Episode 91 – Extracting Honey


Kim Flottum: Jim, you know the last time we talked, we got honey off of our hives and into the place where they're going to be extracted, and that's when they-- I got some ideas I want to bounce off you, and I know you've got some, so let's talk about extracting today.

Jim Tew: I'll look forward to that. Kim extracting is not beekeeping. It's a different world, so I look forward to talking about something besides bees for a while.

Kim: Hi, I'm Kim Flottum.

Jim: I'm Jim Tew.

Kim: Today, we're going to talk about random thoughts on extracting here on Honeybee Obscura.

Jim: It'll be all over the page, Kim, so [chuckles] we've got to narrow it down, some.

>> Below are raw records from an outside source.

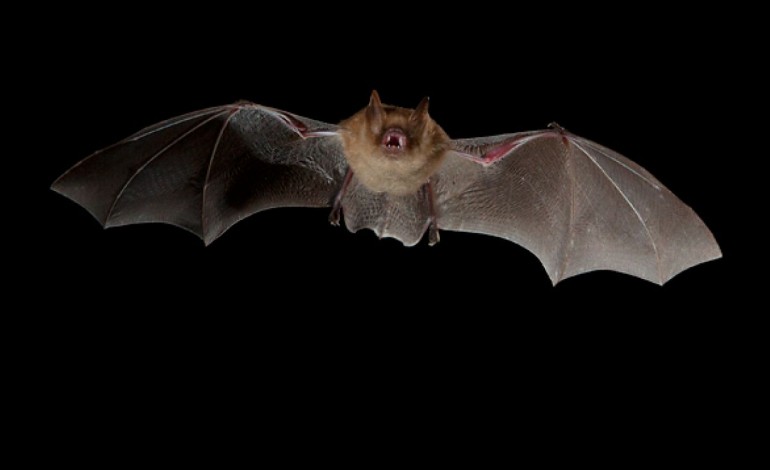 morcego-lanuno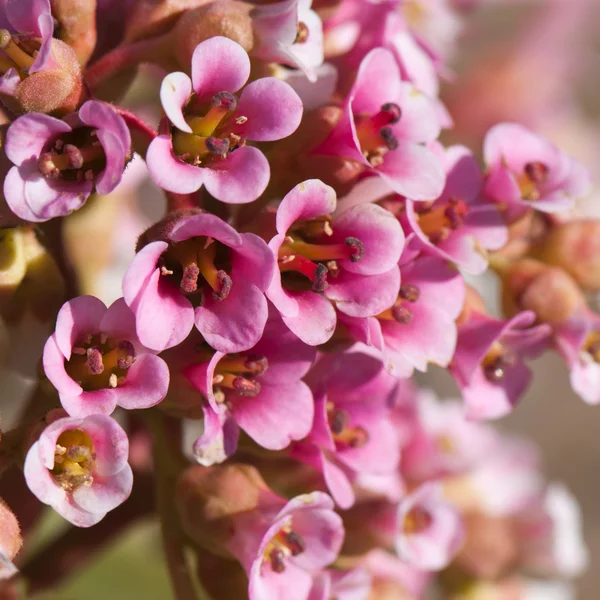 Zbliżenie kwiatów Bergenia. — Zdjęcie stockowe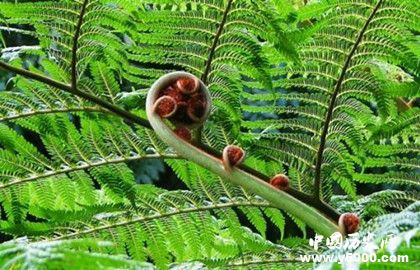 單細胞是如何演變成生物的，單細胞用多長時間演變的？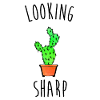 Looking Sharp Cactus Pun
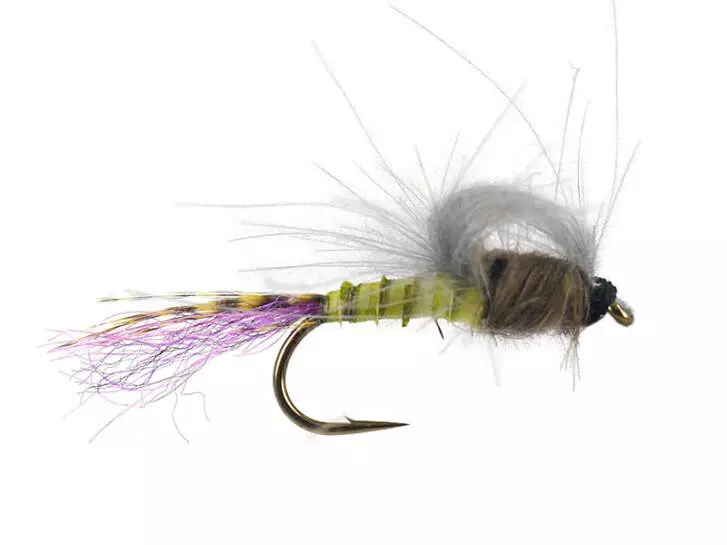 CDC Straight Loopwing Emerger - Medium Olive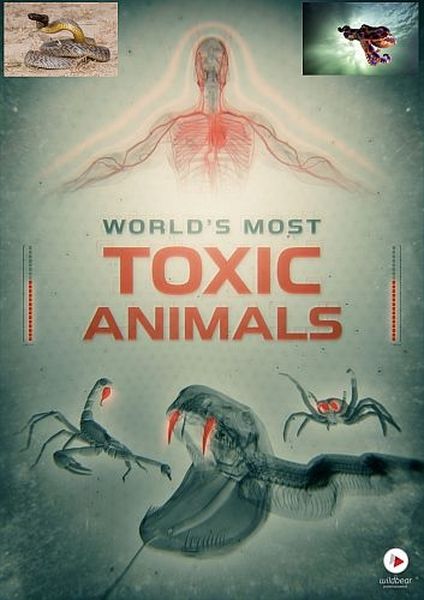 Самые ядовитые животные мира / World's Most Toxic Animals (2021) HDTVRip 720p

Introduction: You are listening to Honeybee Obscura, brought to you by growing planet media. The folks behind Beekeeping Today podcast. each week on Honeybee Obscura hosts, Kim Flottum and Jim Tew, Explore the complexities, the beauty, the fun, and the challenges of managing honey bees in today's world. Get ready for an engaging discussion to delight and inform all beekeepers. If you're a long-timer or just starting out, sit back and enjoy the next several minutes as Kim and Jim explore all things honeybees.

Jim: Honey extracting is a lot like so many other things in beekeeping, like hive stands. The way you're extracting operation is set up is probably unique to you, where you put it, how you put it, why you put it, all those things make up the way you process your honey. There is no exact, precise way to do it.

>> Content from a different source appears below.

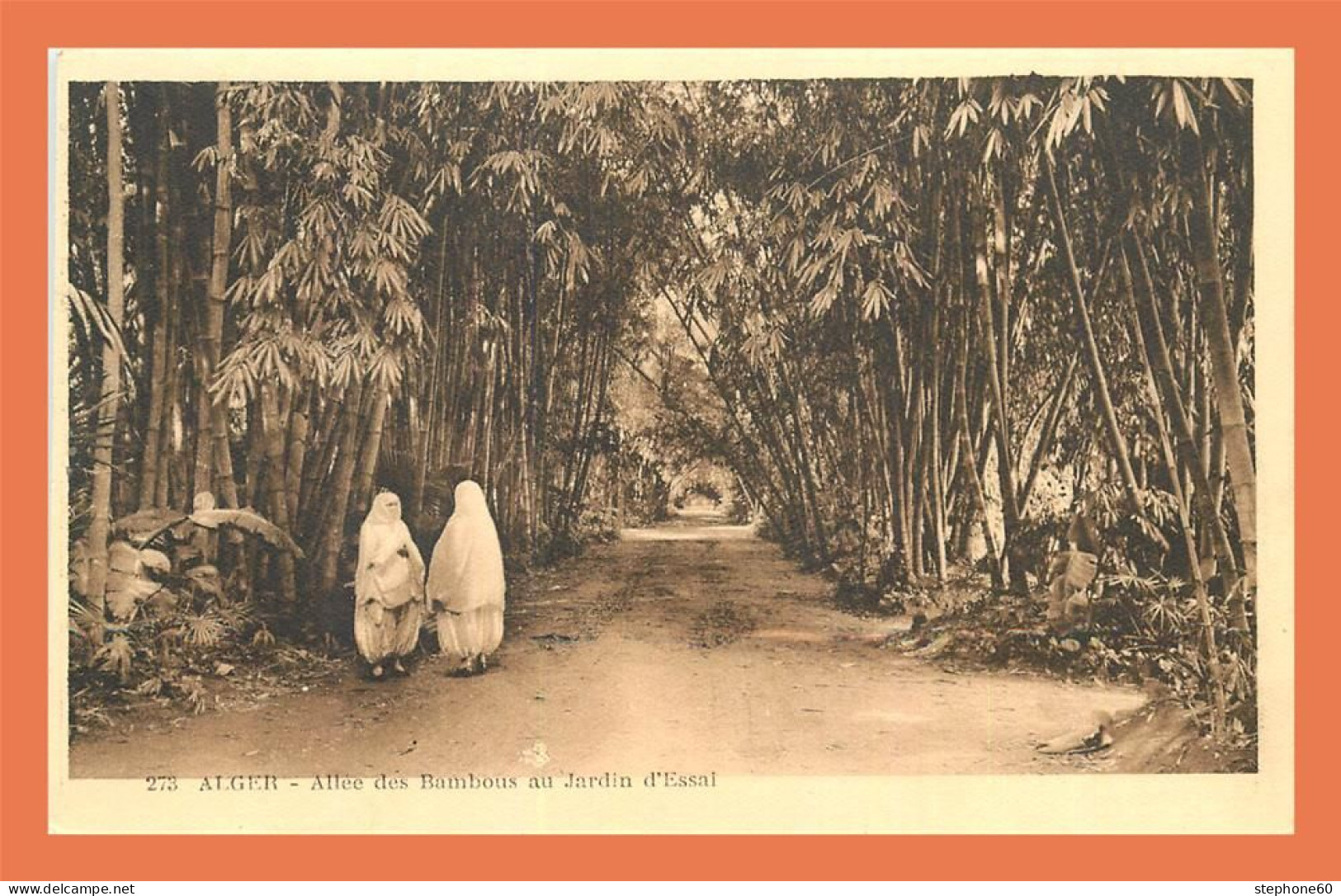 A721 / 351 Algérie ALGER Allée Des Bambous Au Jardin D'essai - Alger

Kim: One thing right at the beginning you got to keep in mind, here's the deal, honey's a food, and you got to keep it clean. If you in your process don't keep it clean, you're going to have trouble down the road. Just keep this in mind. Would you feed your extracted honey to your family? If you're good with that, then you're probably good all the way down the line, but just keep in mind it's a food.

Jim: Kim, that's an excellent point. That is just superb, and always neatness and cleanliness counts, and while we're being open and honest here, it's going to be a real struggle to stay that way. Honey is notoriously sticky, and clings and there's cappings that stick to the floor, and there's household foment and concern about the mess that's being made.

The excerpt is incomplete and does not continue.